Thats awesome I have been want to do something like that with a exciter.
 
It is pretty clean and in good shape for having 6900 miles on it. I figure its due to go thru the topend and freshen it up.

I am glad the kid likes to ride sleds and bikes, its going to be alot more enjoyable to see a little girl go out there and whip up on the guys....( we will see how good of a tuner I am....lol)

BTW- staggs you mise well send down your phazer topend and I will do it at the same time!
 
It is pretty clean and in good shape for having 6900 miles on it. I figure its due to go thru the topend and freshen it up.

I am glad the kid likes to ride sleds and bikes, its going to be alot more enjoyable to see a little girl go out there and whip up on the guys....( we will see how good of a tuner I am....lol)

BTW- staggs you mise well send down your phazer topend and I will do it at the same time!
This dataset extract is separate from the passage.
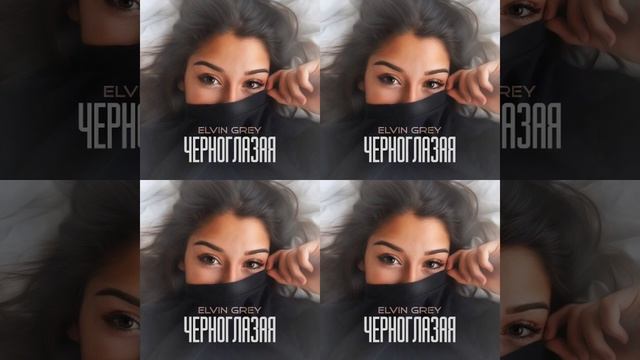 Черноглазая (2020) смотреть онлайн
Yeah I need to do that. I'm in New York right now and my stuff is still in Maine. I'm looking to bring some of the sleds down in the next few weeks
 
getting mine ready for Eagle river except no pipe or and roundslide carbs as flats are not allowed I had a RPC pipe and 38mm flats on mine 100_0767.jpg100_0768.jpg
 
There is a few of the factory pipes around for these, what it is a factory pipe thats taken apart and a tube welded inside then reassemble/welded up, they made 12hp more then stock and was done by the yamaha R/D shop for "select" racers...lol

hey, by chance you wouldnt want to sell those 38mm vmax carbs would you with the choke and throttle cables?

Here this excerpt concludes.